I just bought a Sony 42 inch Full HD TV. It is connected to Freeview via an antenna. I want to record programs. Most recording devices seem to include a Freeview tuner, but my TV has a built-in Freeview tuner. I’m confused. Presumably I don’t need a machine with a tuner? Ideas? Julian
You don’t need a machine with a Freeview tuner. In fact, you probably don’t need a machine at all. However, you might still want to buy one …
In the old days, people who wanted to record TV programs would buy a VCR or VCR to connect to their TV. The VCR had its own analog TV tuner, so it did not record from the TV – it recorded programs from the signal it received from the TV antenna. Indeed, it was an essential part of the appeal of the VCR: you could record something while watching another TV program.
Fast forward to today: The government has shut down analogue television broadcasting and replaced it with a form of digital television based on DVB-T (standard definition) and DVB-T2 (high definition). The digital signal that probably comes in through the same TV antenna needs to be decoded by a Freeview or Freeview HD tuner, and Freeview tuners have been included in all TVs sold in the UK since 2008.

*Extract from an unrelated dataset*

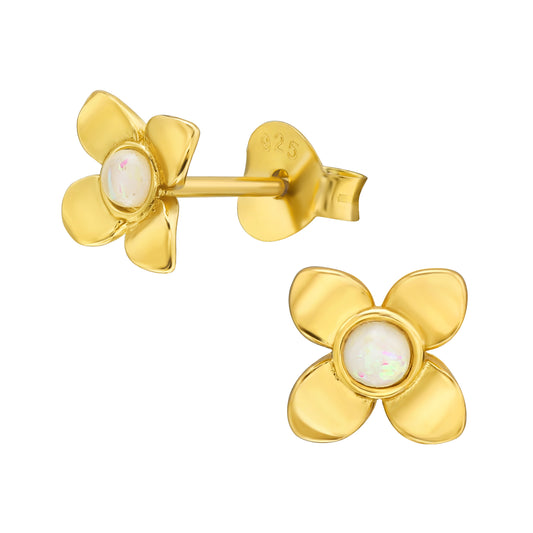 Flower opal gold plated stud earrings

Some TVs allow users to record TV programs directly to a USB hard drive, without using a VCR or DVR (digital video recorder). This involves plugging a USB stick or external hard drive into the correct USB port. In Sony Bravia TVs, this is the second USB port, labeled HDD Rec. See the section on recording to USB HDD in the European Bravia website online i-Manual (versions for other regions may vary).
Make sure to use an external hard drive with its own power supply, rather than using the power available through the USB socket.
On his website, Sony lists 14 Bravia TVs that can record to an external hard drive and 41 models that can play from an external hard drive. There is a good chance that your TV can record programs, but this is not guaranteed.
When you connect a USB storage device for recording, the TV will format it and this will delete whatever is already on the player. For playback, Sony TVs can recognize FAT and exFAT file systems, but – unlike some other TVs – Windows NTFS file system cannot.
Problem solved? Not really.
Disadvantages of USB recording
The biggest drawback of most Freeview TVs is that they only have one tuner. This is good if you are using the timer to record something when you are away, but not if you want to record one program while watching another. To do this you need two Freeview tuners.
However, USB recording technology, as it is generally implemented, has other drawbacks. (I cannot speak from experience of specific Sony Bravia models, so you will need to check what applies to your TV.)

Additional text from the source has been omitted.